Gebruikte jij dan ook op die feesten?

“Ik heb zelf nooit drugs gebruikt, maar ik begreep dat het voor velen belangrijk is voor de ervaring. Ik raakte gewoon high van de muziek en misschien de stroboscopen. Ken je de track ‘Acid Trax’ van Phuture? In een club op een hele goed PA System met rook en lichten? Dat is gewoon pure hallucinerende shit. Dat vond ik zo bizar om te ervaren. En dan te bedenken dat ik in de Utrechtse club De Vrije Vloer heb gedraaid, hét drugshol. De Vrije Vloer was gelegen onder Parkeergarage Paardenveld. Op het moment zit er een fotozaak in, dus je kunt het nog wel bezoeken. De club werd daar ooit weggehaald omdat er flats tegenover gebouwd werden, dus die toekomstige bewoners gingen klagen. Toen was het al snel weg. Ik heb daar toentertijd nog gedraaid, maar dat was ook van korte duur.’’ Richard lacht. “Ik was te slecht.’’

 

“Toen hadden we het al over techno, maar toen was techno nog echt zoals de oorspronkelijke Detroit techno.
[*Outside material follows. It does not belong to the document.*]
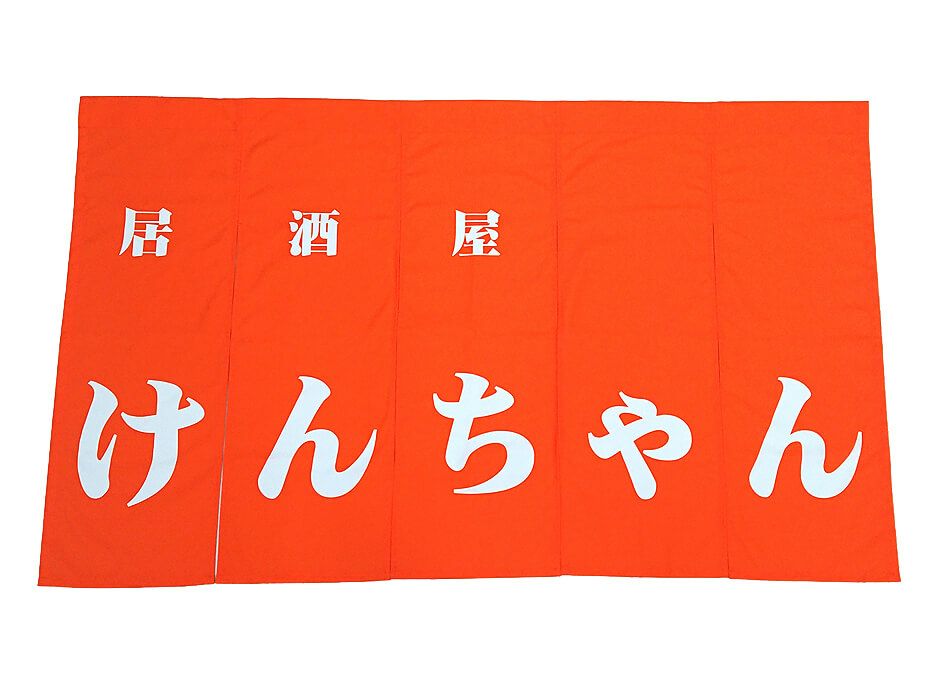 オーダー暖簾が完成した時に弊社の事務所で平置き状態のお写真をパチリと撮影！<br>こうやって写真で見ると普通に見えますが、横幅150cmなので結構な大きさのサイズなので、やや撮影しずらいのです。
Je had nog maar net die harde sound, van hit-house records en Midtown records. Op dat moment had je B-kantjes van Frank de Wulf, zo’n voorloper van de gabberscene. En Remco van der Drift (DJ Paradiz, later DJ Drifter, resident bij Fellini) draaide toen in Fellini altijd mid-town en hit-house records, onder de veronderstelling dat dat techno was. Ik was de eerste die Remco vertelde: ‘Nee man, dít is techno,’ waarna ik hem trancemat, KMS records en model500 liet horen (ONE ATKINS> GODFATHERS VAN TECHNO). Toen ontdekte hij pas de échte vette muziek. Met alle respect, dat klinkt veel beter natuurlijk.”

_____________________________________________________________

In 1993 werd U-trax opgericht, waar begonnen jullie toen mee?

“We startten met 4 debuten: PA Presents, The Connection Machine, Frank de Groot en een plaat van mijzelf. Echte Utrechtse namen allemaal. Later kwamen er ook artiesten bij vanuit andere omgevingen. Daarnaast bracht ik nog een ander label uit, omdat ik wat hardere muziek wilde maken. Ik was heel boos in die tijd. Ons motto was: ‘vuig en onbesuisd’. Het album heette Our music has a message, please turn over. En dan stond er op de achterkant ‘fuck you’. Dat waren harde lo-fi acid dingetjes. Ik was in die tijd zo teleurgesteld in de commercie die de overhand nam.”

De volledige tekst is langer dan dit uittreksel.